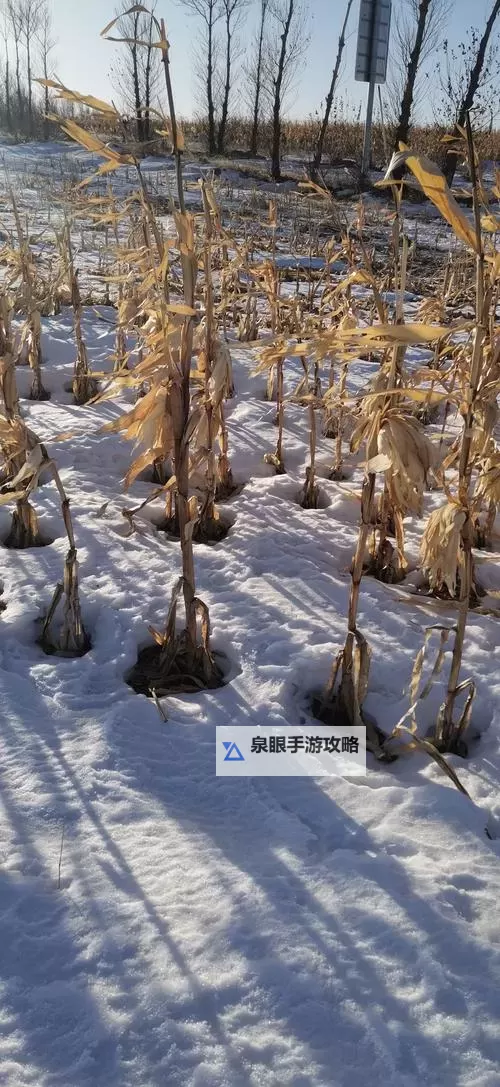 大都督双开挂机软件推荐 怎么双开大都督详细图文教程图2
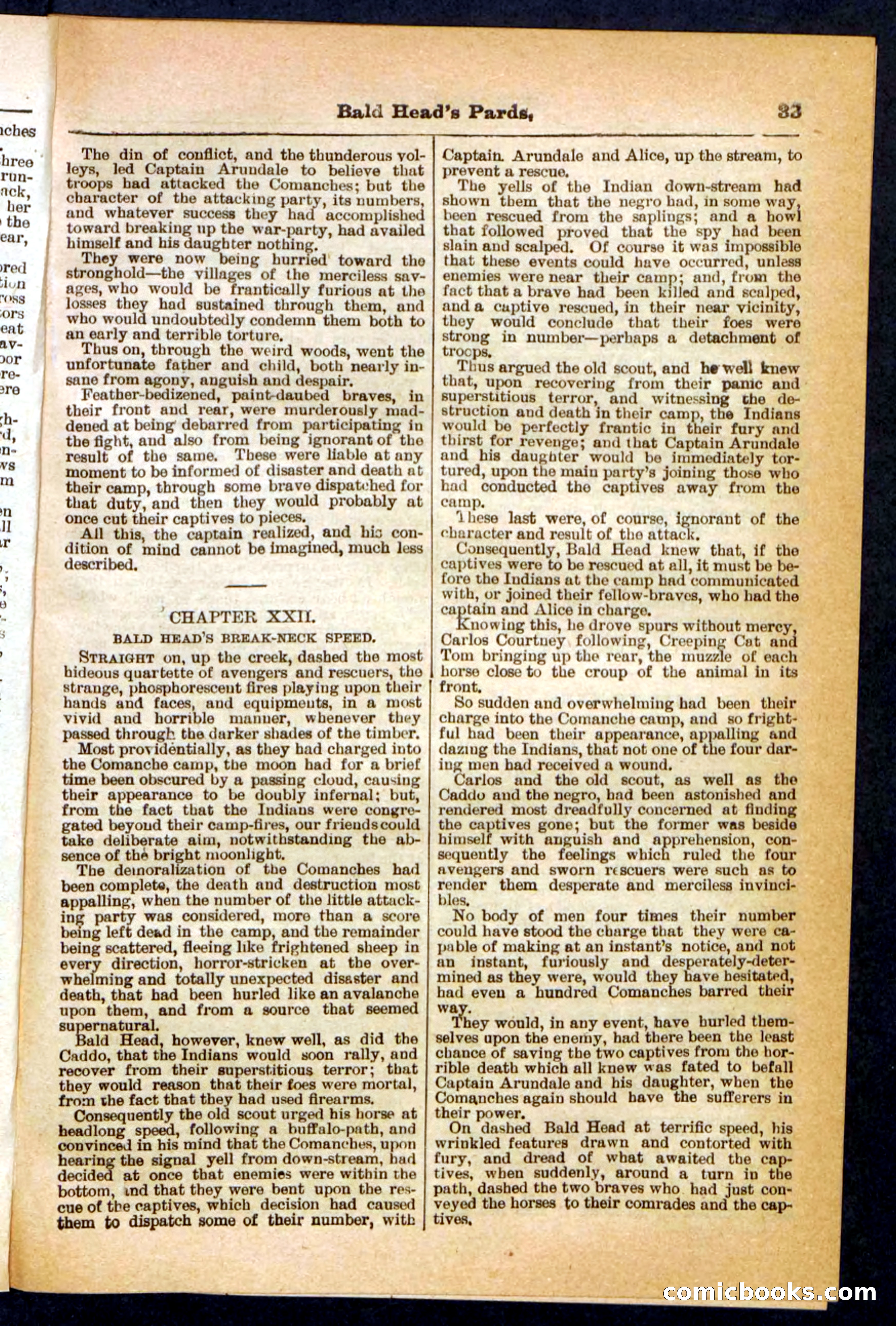 Beadle's Pocket Library No. 304 — page 33 of 48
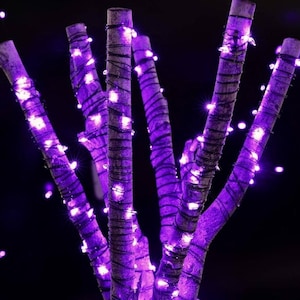 May include: Close-up of decorative tree branches wrapped with purple fairy lights. The branches are a light brown color and are arranged against a black background. The lights are small and bright, creating a festive atmosphere.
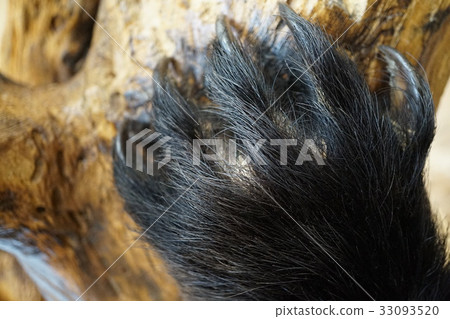 Black bear stripped nails Black bear stripped nails 33093520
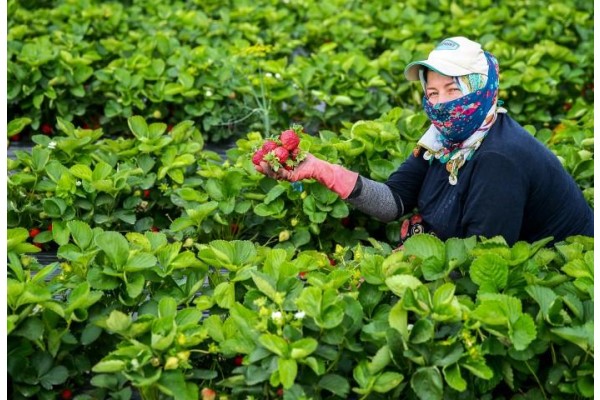 Çilekler erken olgunlaştı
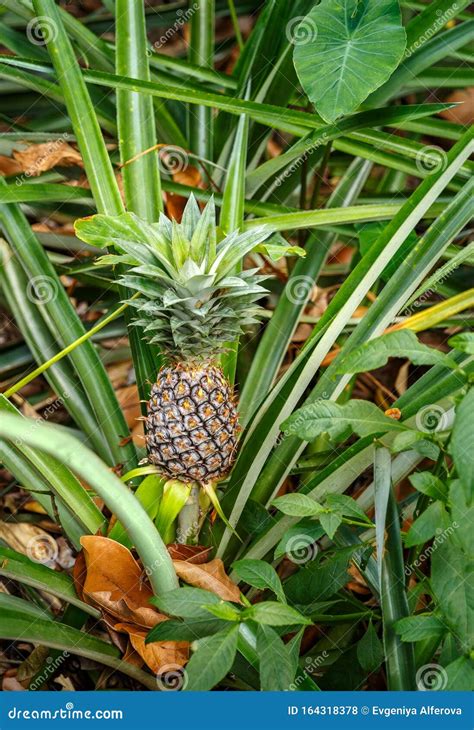 Bush Of Pineapple Tropical Fruits Growing In Garden Stock Photo
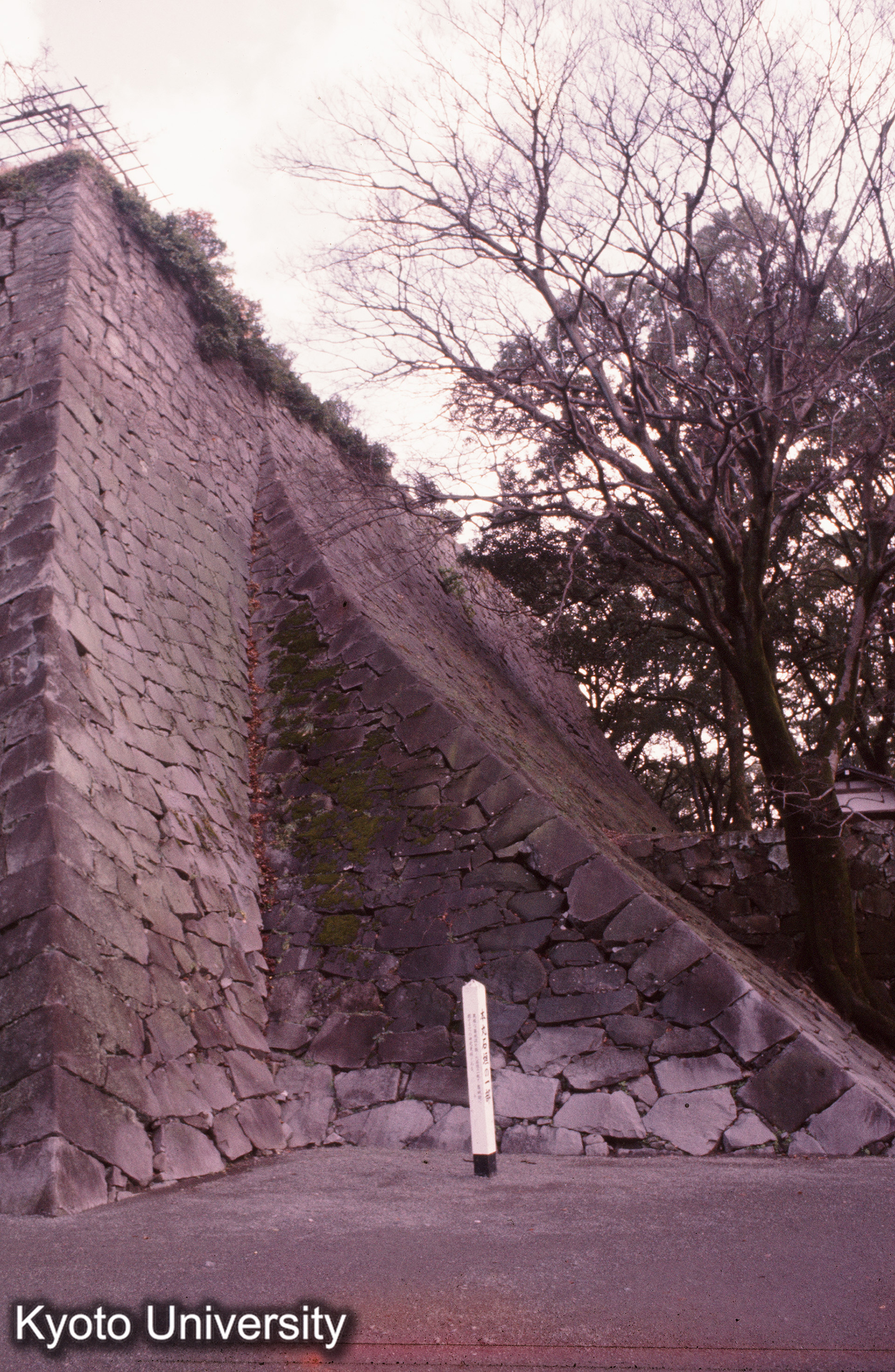 熊本城 石垣 (1)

◇ ◇ ◇

EXERCISE PROMPT:
In your copy, reproduce the data above exactly and skip every picture.

EXPECTED ANSWER:
 大都督双开挂机软件推荐 怎么双开大都督详细图文教程图2
 Beadle's Pocket Library No. 304 — page 33 of 48
 May include: Close-up of decorative tree branches wrapped with purple fairy lights. The branches are a light brown color and are arranged against a black background. The lights are small and bright, creating a festive atmosphere.
 Black bear stripped nails Black bear stripped nails 33093520
 Çilekler erken olgunlaştı
 Bush Of Pineapple Tropical Fruits Growing In Garden Stock Photo
 熊本城 石垣 (1)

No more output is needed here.